También cogemos flores y hierbas. Últimamente la retama ha sido la protagonista. Él la recuerda de Málaga. Despide una fragancia muy agradable, aunque creo que él no la percibe a casusa del alzhéimer, que afecta el olfato de alguna manera, o eso creo. No obstante, aspiramos los dos las flores que cortamos y comentamos lo bien que huelen. Me cuenta que cuando estaba seca, la usaban para encender chimeneas y braseros y tiene la impresión de que la llamaban “bolina”. He buscado información y no he encontrado de momento referencia a este término.
Tras las excursiones a los montes, él me suele contar que ha estado en ellos, pero nunca ha sido conmigo. Sonrío cuando me explica lo bien que lo ha pasado. Y luego se olvida enseguida, o eso creía yo.
El sábado, cuando hablé con él por teléfono, me contó que hace ya un par de meses sale a pasear con un amigo, un hombre, a los montes. Me explicó en plan secreto que se lo pasan en grande cogiendo espárragos desde el coche. Él otea el margen y en cuanto ve uno, avisa a su amigo, que para y sale a cortarlo.
Me siento feliz cuando me doy cuenta de que sí se acuerda de las excursiones que hemos estado haciendo. Lo que menos me importa es que se acuerde de con quién ha ido. Se acuerda del contenido sensitivo y emocional de ellas.
Le dije que me parecía fabuloso que pueda disfrutar de los paseos con su amigo. A ninguno de los dos nos sale nunca su nombre… aunque sabemos quién es…
Y me preguntó: –Oye, ¿tu conduces?

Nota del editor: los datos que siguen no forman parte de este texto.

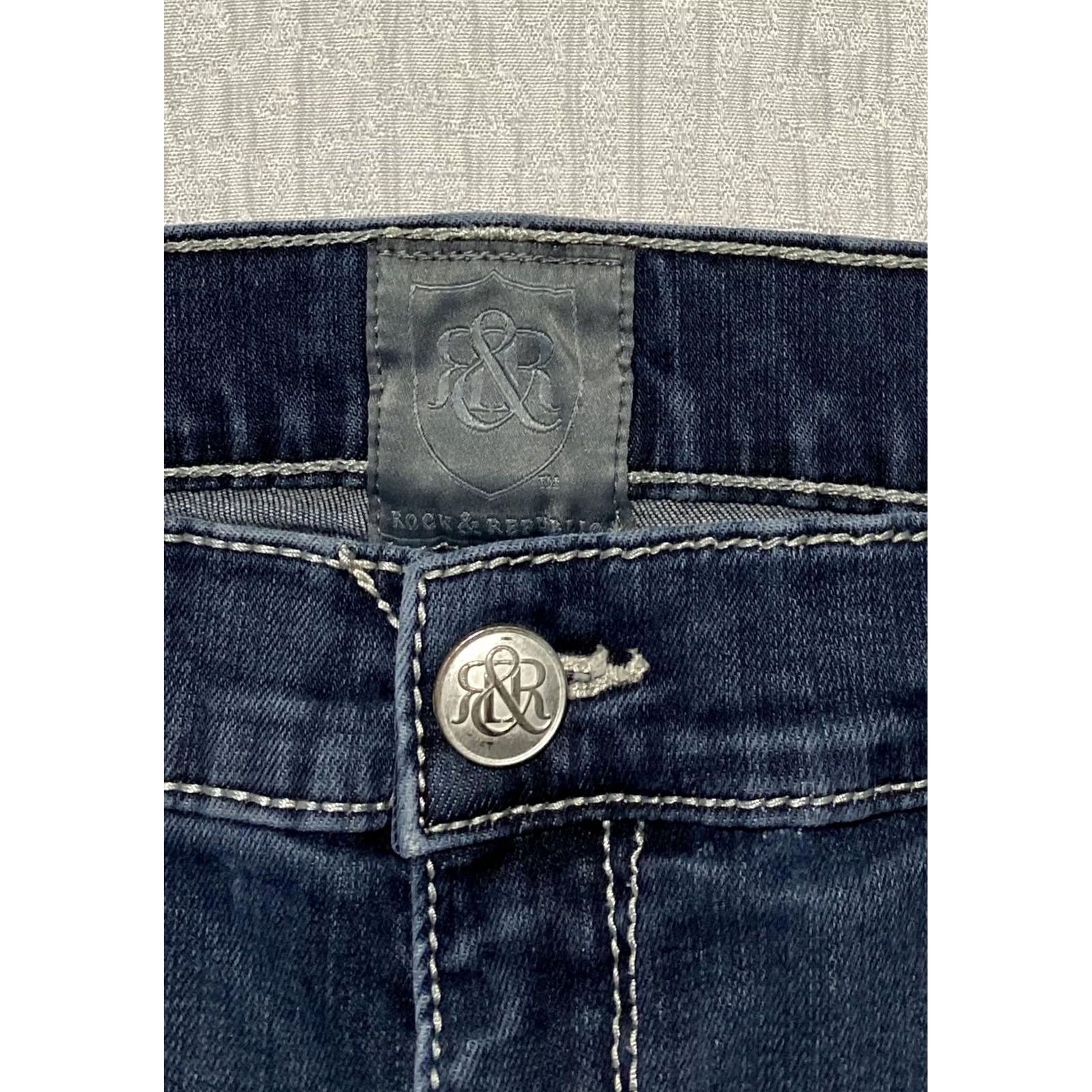 Vintage Rock & Republic Jeans Mens 38x32 Blue Bootcut Denim Flap Pockets Embroidered R Size US 38 / EU 54 - 6 Thumbnail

Y me entró la risa, no lo pude evitar y le dije: Si, por supuesto, y si te apetece, un día vamos los dos a pasear a los montes.
El último día que estuvimos en ellos fue el viernes pasado y el comentario lo hizo el sábado cuando hablamos por teléfono. Esta vez sin embargo se refirió a que llevaba como dos meses subiendo con frecuencia, cosa que es cierta.
En el mirador estuvimos charlando animadamente de muchas cosas y haciendo fotos. Le conté que me fascinan los milanos que producen algunas flores y corté unas cuantas inflorescencias maduras, con las semillas a punto de emprender el vuelo. Estuvo posando para mí, mientras soplaba milanos al viento y nos reíamos pensando en la cantidad de deseos que podíamos pedir de golpe.
Cuando íbamos de vuelta, camino a casa, hizo otro comentario que ya indicaba a las claras que conserva recuerdos de otros días.
Me dijo:
–Oye, menos mal que ya me he acostumbrado a pasar por aquí, porque los primeros días pensé: Pero muchacho, ¿Dónde te has metido?
Y sonreí al recordar que durante la primera excursión no dejó de repetir: si me viera mi padre por estos caminos…
Algunos días vamos en Panda, un coche ideal para circular a velocidad de espárrago, por caminos de montaña sin asfaltar, con algún que otro bache por decirlo de una manera suave. Convierte el paseo en una auténtica aventura, y a los dos nos gusta …
¿Pandeamos?, me preguntó un día, hace ya mucho tiempo. Pandeemos, contesté.
Y nos entró la risa a ambos, como tantas veces.